Colgo l’occasione anche per ringraziare l’Assessore provinciale all’ Attuazione della Provincia di Monza e Brianza, dottor Pietro Luigi Ponti, per aver accettato il nostro invito e per essere stato oggi con noi.

Finita la cronistoria della gestione degli archivi e la genesi della mostra vorrei darvi un messaggio.
Francesco Alberoni in un Suo pezzo del 26 febbraio 2007, in prima pagina del Corriere della Sera, ha scritto: “POCA CULTURA E LA CREATIVITA’ DI UN PAESE SVANISCE”.
Personalmente considero la creatività come la prima risorsa economica dell’Italia.
Comunque il professore, riferendosi alle elites, afferma che “chi non sa leggere libri di storia e filosofia non saprà mai scrivere. E nemmeno fare un progetto perché non saprà pensare in grande e in modo logico e sistematico”.
Fin qui ho sintetizzato e citato Alberoni che parla di storia, arte, lingua ed economia.
Aggiungerei personalmente alla cultura l’amore del bello in generale.
In questa zona c’è ancora un po’ di natura, bella, di tutti.

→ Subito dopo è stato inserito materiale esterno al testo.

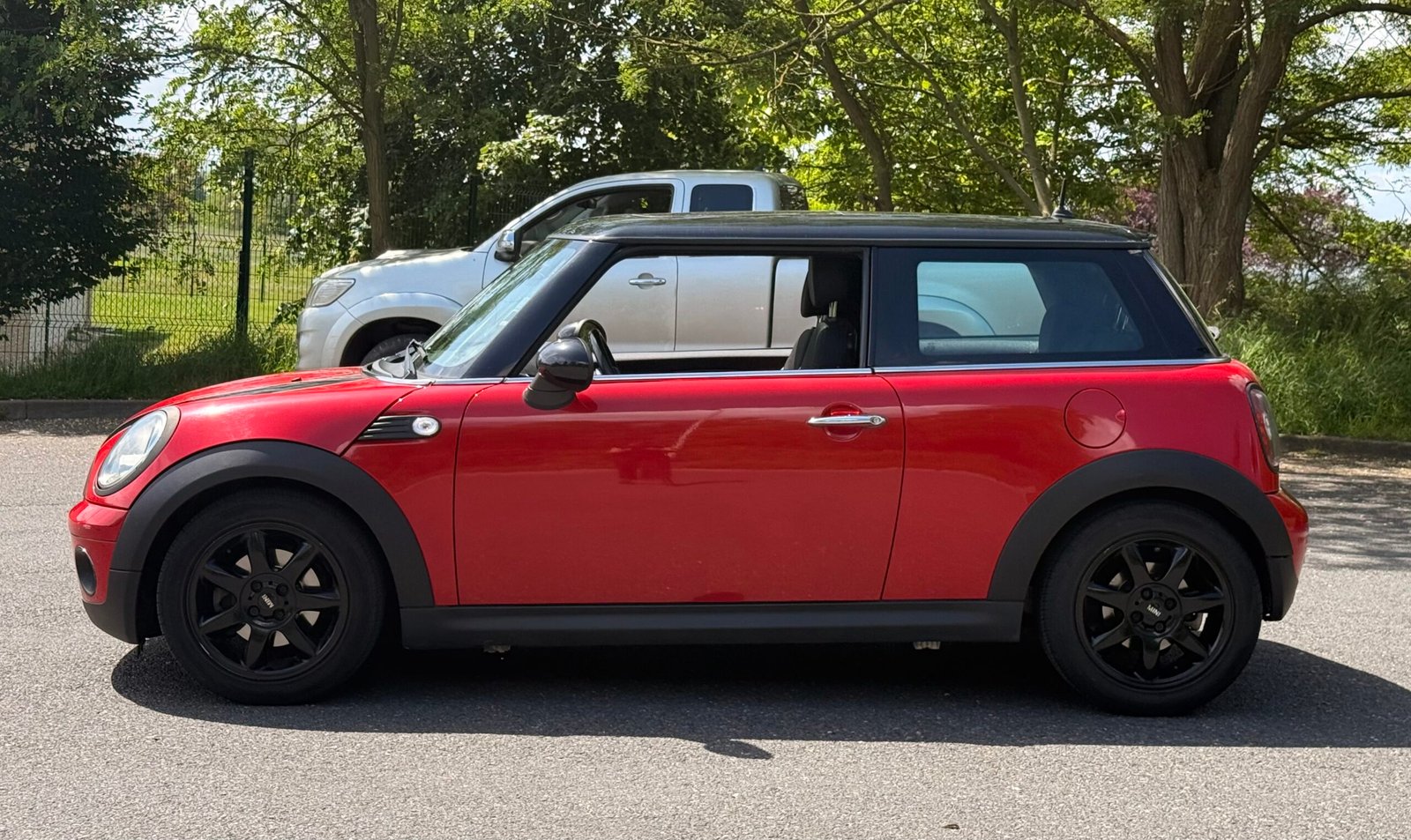 MINI MINI 2 (R56) LCI One 1.6 i 98 cv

Sono appena tornato da New York e quello che mi ha sorpreso non è tanto che i grandi capitalisti, i Rockefeller, i Frick, i Mellon, i Chrysler siano stati dei grandi uomini d’affari e dei mecenati ma che alla cultura del bello, alla gestione dei beni pubblici contribuiscano tantissimi cittadini comuni.
Tutte le panchine di Central Park – 240 ettari circa – sono sponsorizzate dai cittadini.

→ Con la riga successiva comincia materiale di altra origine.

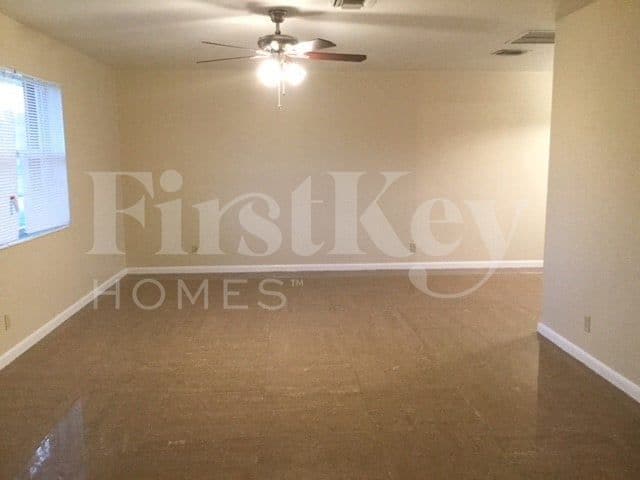 Building Photo - 4317 Honeysuckle Ave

Io non chiedo sponsorizzazioni, vorrei semplicemente un aiuto concreto, giornaliero nella gestione del verde del Parco della valle del Lambro.

Negli ultimi anni, oltre ai lavori sugli archivi, abbiamo cercato di riqualificare la zona – aperta a tutti - che va da Albiate a Carate.
La situazione è migliorata, soprattutto nel comune di Albiate ma si può fare di più!
Serve a poco tempestare di richieste e solleciti la Pubblica Amministrazione (vedi allegato n.1 - allegato n.2 - allegato n.3 - allegato n.4) se i cittadini e le aziende continuano a sporcare.
Penso che tutti voi consideriate, giustamente, i vostri figli come la vostra ragione di vita: loro saranno i fruitori di quell’area;
se gli insegnerete un po’ di educazione civica, che purtroppo non è più da tempo nei programmi scolastici, farete sicuramente il loro bene.